Iterating an Array in Python using the brentq Func

2019-06-12 09:52发布

问题:

I am having trouble iterating every element of an array using the brentq function. q in the defined function below is a FITS file array, and we are using every element in this array as inputs to run through the brentqfunction in order to solve for T.

Essentially, my problem lies in not particularly knowing where or how to implement the appropriate for loop to iterate the function over every element of q.

Any suggestions on how to go about this problem?

def f(T,q,coeff1,coeff2,coeff3):
    return q*const3 - ((exp(const2/T)-1)/(exp(const/T)-1))

a = brentq(f, 10, 435.1, args=(q,4351.041,4262.570,0.206))
print a

newhdu = fits.PrimaryHDU(a)
newhdulist = fits.HDUList([newhdu])
newhdulist.writeto('Temp21DCOT.fits')

Further explanation: The basis of what I'm trying to do is to use brentq to solve for temperature values using the intensity values of our initial array (our FITS file).

The equation is derived from a ratio of two wavelengths of Plank's Equation, so q = B_1/B_2 if we want to be true to physics, where every element in q are intensity values. brentq would solve this analytically insolvable equation for T (temperature) for every element in q, and make a new temperature array of the same size as q. In other words, I am trying to solve for the temperature of every pixel in a FITS file using Plank's Equation.

Note: I re-posted this to clarify the problem in a more efficient manner.

回答1:

Are you having problems with iteration, or with efficiency?

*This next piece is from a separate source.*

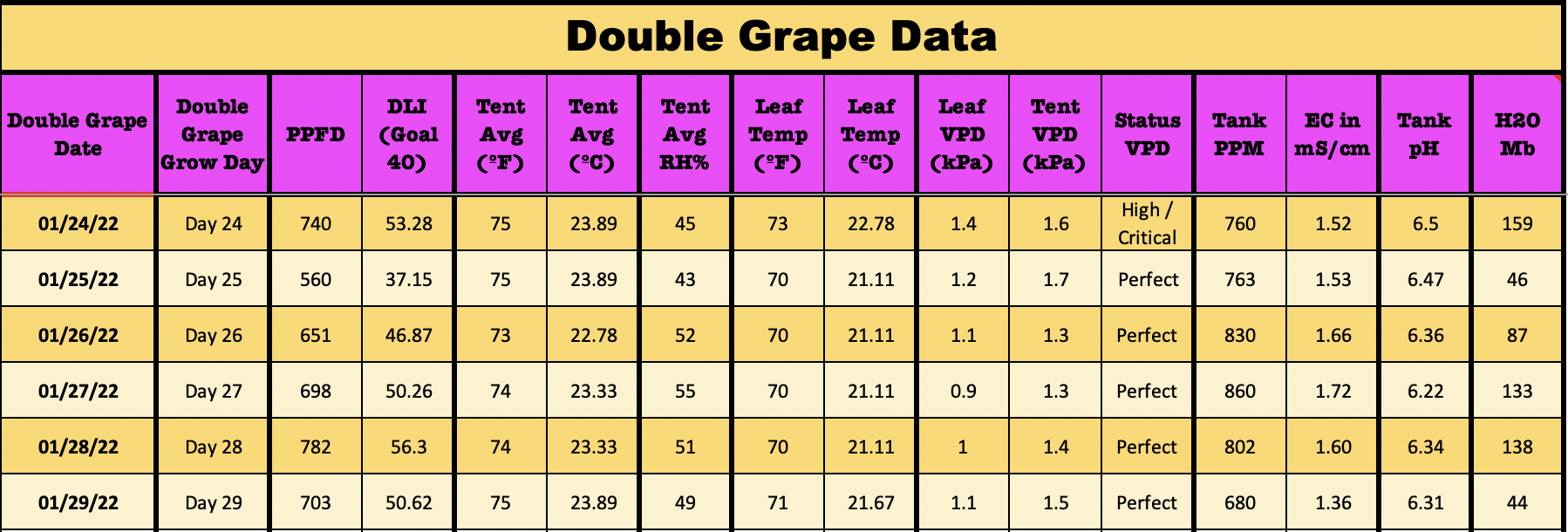 DG29PMTotal.png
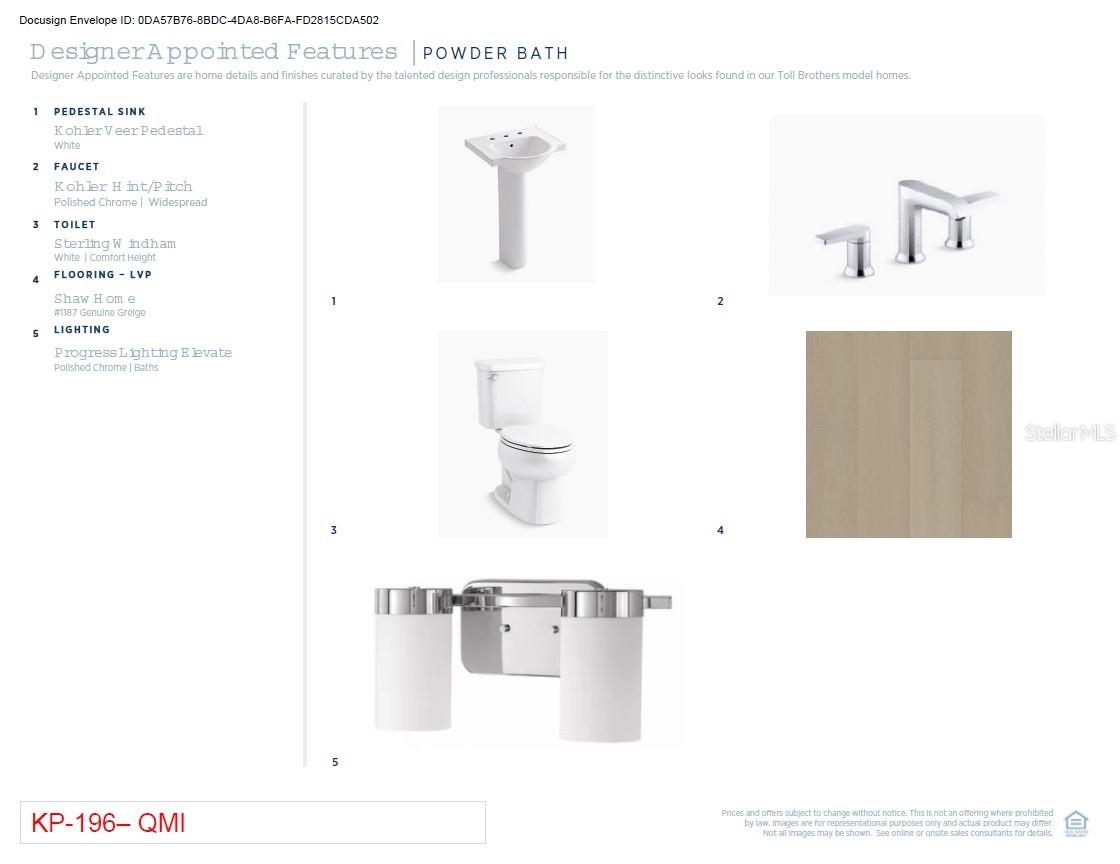 OAKS AT KELLY PARK - Residential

This iteration works for me:

In [485]: from scipy import optimize

In [486]: def f(T,q,coeff1,coeff2,coeff3):
        return q*coeff3 - ((np.exp(coeff2/T)-1)/(np.exp(coeff1/T)-1))
        # corrected the coeff use

In [487]: q=np.linspace(1,3,10)
# q range chosen to avoid the different signs ValueError

In [488]: A=[optimize.brentq(f, 10, 435.1, args=(i,4351.041,4262.570,0.206),full_output=True) for i in q]

In [489]: A
Out[489]: 
[(55.99858839149886, <scipy.optimize.zeros.RootResults at 0xa861284c>),
 (64.14621536172528, <scipy.optimize.zeros.RootResults at 0xa861286c>),
 (72.98658083834341, <scipy.optimize.zeros.RootResults at 0xa861288c>),
 (82.75638321495505, <scipy.optimize.zeros.RootResults at 0xa86128ac>),
 (93.73016750496367, <scipy.optimize.zeros.RootResults at 0xa86128cc>),
 (106.25045004489637, <scipy.optimize.zeros.RootResults at 0xa86128ec>),
 (120.76612665626851, <scipy.optimize.zeros.RootResults at 0xa861290c>),
 (137.88917389176325, <scipy.optimize.zeros.RootResults at 0xa861292c>),
 (158.4854607193551, <scipy.optimize.zeros.RootResults at 0xa861294c>),
 (183.82941862839408, <scipy.optimize.zeros.RootResults at 0xa861296c>)]

In [490]: [a[1].iterations for a in A]
Out[490]: [8, 9, 10, 10, 10, 10, 10, 9, 8, 10]

In the brentq docs f returns one value, for one set of args. There are some solvers, such as the ode ones, that let you define a function that takes a vector variable, and returns a matching vector derivative. It doesn't look like this root finder allows that. So you are stuck with iterating over the args values, and solving for each case. I wrote the iteration as a list comprehension. Other iteration formats are possible (for loop etc). We might even be able the wrap this brentq call in a function that could be passed through np.vectorize. But that is still going to be a iteration with minor time savings.


There are various ways of handling a multidimensional array. One simple one is to flatten the input, do the 1d iteration, and then reshape the result. For example:

In [517]: q1=q.reshape(2,5)

In [518]: q1
Out[518]: 
array([[ 1.        ,  1.22222222,  1.44444444,  1.66666667,  1.88888889],
       [ 2.11111111,  2.33333333,  2.55555556,  2.77777778,  3.        ]])

In [519]: np.array([optimize.brentq(f, 10, 435.1, args=(i,4351.041,4262.570,0.206)) for i in q1.flat]).reshape(q1.shape)
Out[519]: 
array([[  55.99858839,   64.14621536,   72.98658084,   82.75638321,
          93.7301675 ],
       [ 106.25045004,  120.76612666,  137.88917389,  158.48546072,
         183.82941863]])

I left off the full_output flag, since that adds complications.